Team manager Tony Alessi—who admits in a lighthearted moment that he’s “50 percent less crazy” now that he no longer has to worry about his son Mike on the team—and Genova have got the team looking good, and public perception started turning last year when the team got official Honda support with hiring Brayton.
“I’ve always been taught from my parents that you don’t really judge anyone by other people’s judgment. My judgment was Mike Genova was a respectable guy. I had been around the sport a long time, so I would see him in airports or hotels. We would have conversations,” Brayton says. “Always seemed like a really cool guy. But still I was a little leery of it. I hadn’t worked with Tony Alessi at all. So there was a few questions in my mind, but I wanted to kind of see for myself, and it made the most sense for us to go there as far as Honda and myself. Looking back, it’s worked out exactly how we both thought.”
Brayton’s arrival last year signified a change in the type of rider who would ride for MCR. Brayton has never been involved in on-track drama. Weimer, a past champion and well-respected in the pits, added to that mix this season. Combine that with Honda’s support, and it’s easy to see why people think the team is doing good now, even though Genova feels they’re not doing things any differently than in the past. The team has been around since 2007 and had already scored some good results with Mike Alessi, Ryan Sipes, and Kyle Chisholm. This year’s breakthrough, though, that Daytona win by Brayton, was big.
And through all of the ups and downs, there’s been Mike Genova. He’s a guy that does things a little differently, he’s a little more outspoken than others, and does things his way. Does 2018 represent a little bit of redemption for him?
“I don’t feel any resentment or anything else,” he says. “I had to say to myself, ‘Be okay with knowing that you’re doing the right things, and if people don’t want to accept you for that, you can’t please everybody.’ So I had to just walk tall, stay strong, and try to stay as nice as possible through those difficult times.
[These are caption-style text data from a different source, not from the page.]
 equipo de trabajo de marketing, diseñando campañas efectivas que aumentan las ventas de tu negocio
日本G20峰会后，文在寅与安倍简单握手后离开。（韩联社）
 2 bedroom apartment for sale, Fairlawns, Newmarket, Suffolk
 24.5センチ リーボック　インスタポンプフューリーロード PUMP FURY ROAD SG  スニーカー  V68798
Now I got people waving at me and high-fiving me. It’s like, hey! You’re one of them! So, why not? Life’s too short. We’re doing this for fun, basically. All of us. We could go do something else, whether we get paid for it or not. So it feels good to see people go, ‘Maybe we were wrong.’”
Adds Tony Alessi: “I feel vindicated, obviously, for [Mike] Genova and the team and the crew because it’s been a lot of years that we were kind of looked at like, ‘These guys are sideways.’ In actuality, I think that we’ve been trying to be innovative.”
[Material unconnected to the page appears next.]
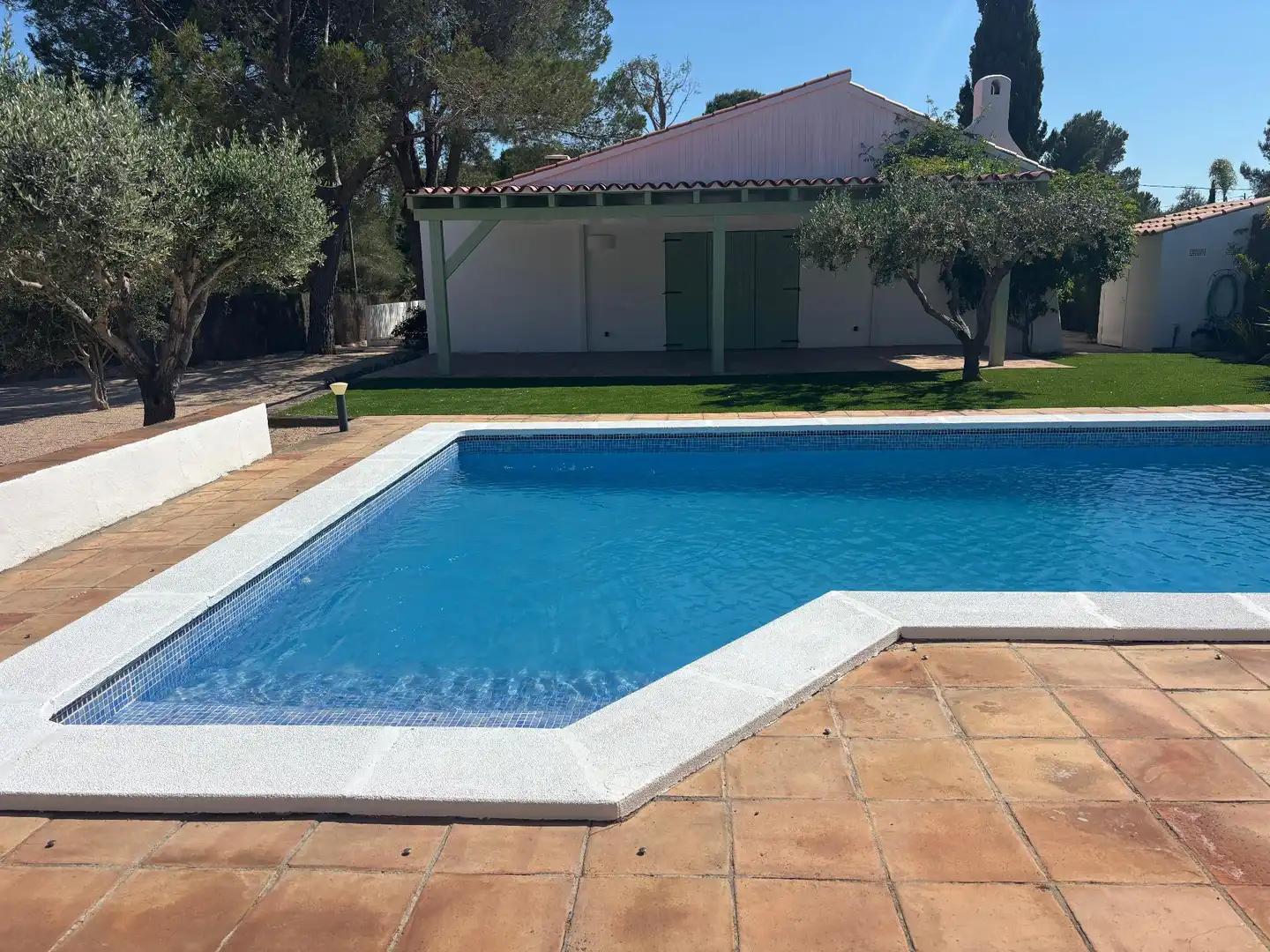 Swimming pool of Houses for sale in L'Ametlla de Mar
I’ve talked to riders and team personnel past and present both on and off the record about the team and how it’s going for them. To a man, they praise Alessi for working as hard as they have ever seen a guy work and for being straight-up with answers, even if they’re not always the ones they want to hear.
“In 2012, when I started with the team, my goal was to help Mike Alessi be champion,” Tony Alessi says. “I thought that this team was the best way to do it. And we came close, obviously. In 2012 we were second [in 450MX], and sixth in supercross with Mike. It was great. I always felt that the program that we have here was enough to not only win races, but to win championships. So that was always the thought process. Brayton proved it to be true by going out and winning Daytona, getting podiums in supercross, winning five heat races. He proved that our system and our program and our way of doing things can battle and can compete for the top spot in supercross racing.”
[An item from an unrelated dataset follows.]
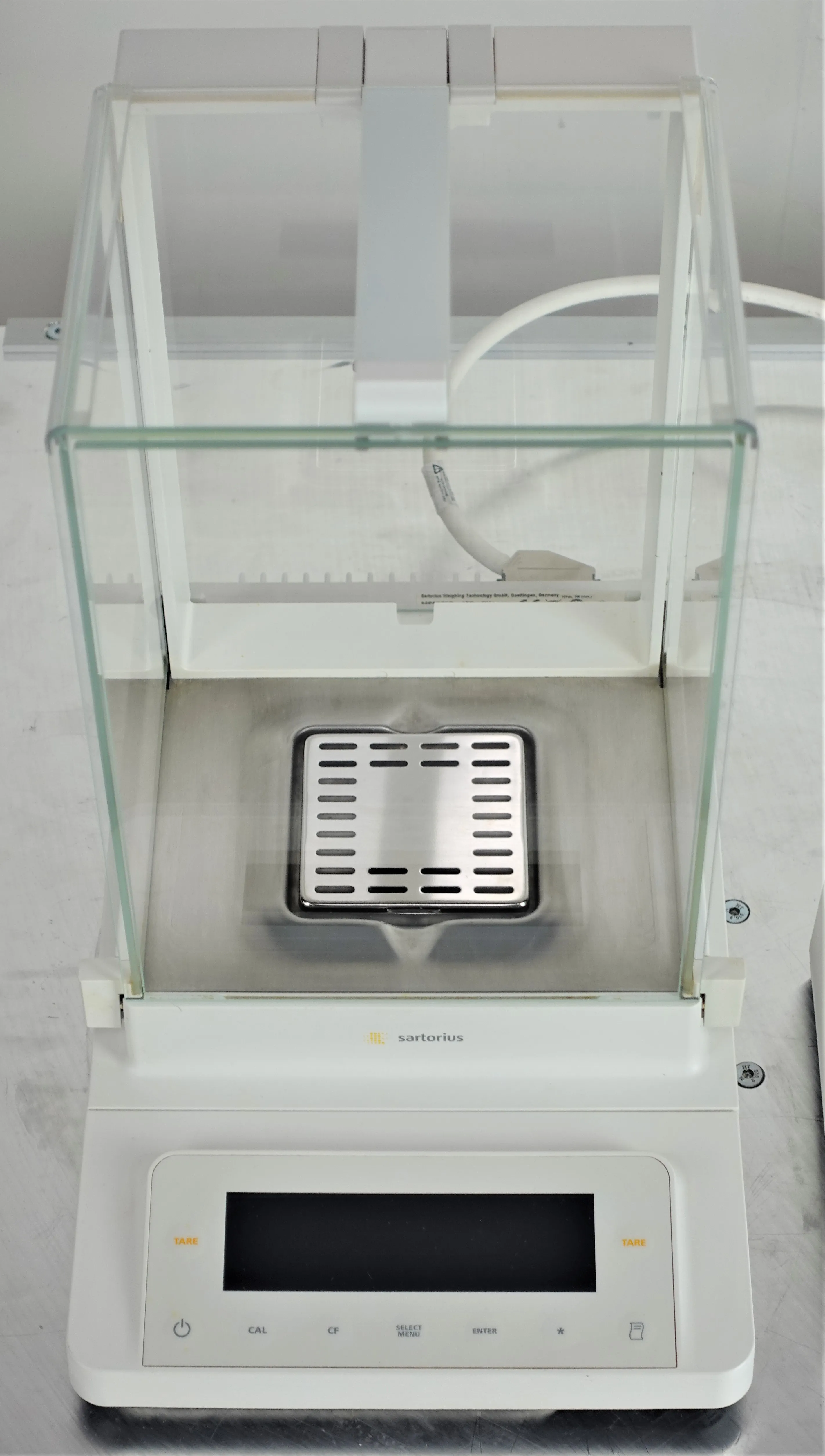 Sartorius Cubis Semi-Micro Balance MSE225S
What’s Mike Genova like as a team owner? I asked a couple of people who know him and worked for him.
“Anything that goes on with Mike Genova, whatever the problem is that you’re working on, you have to have the solution in place, the cost for the solution, and how it makes sense,” Tony Alessi says. “So before you even think you’re going there with him for any kind of request, you have to have your ducks in a row. Then he’ll either say one [phrase]—'do it’—or he’ll tell you why it’s not going to happen. But in terms of materials for motorcycles, he has never once, since 2012 that I’ve been with him, ever compromised at all on materials, and that, to me, is everything.”
“Genova has been awesome. He has supported and believed in me for pretty much my whole pro career,” Vince Friese says. “Sometimes he believed in me when nobody else did, including myself. He is a huge part of why I am where I am today. I don't know if I would even be racing still if it wasn't for him. It has been cool to learn and grow with him over the years. Sometimes him teaching me stuff, sometimes me teaching me stuff, and sometimes us figuring things out together as a team, along with Tony. This season was a good one in a lot of ways.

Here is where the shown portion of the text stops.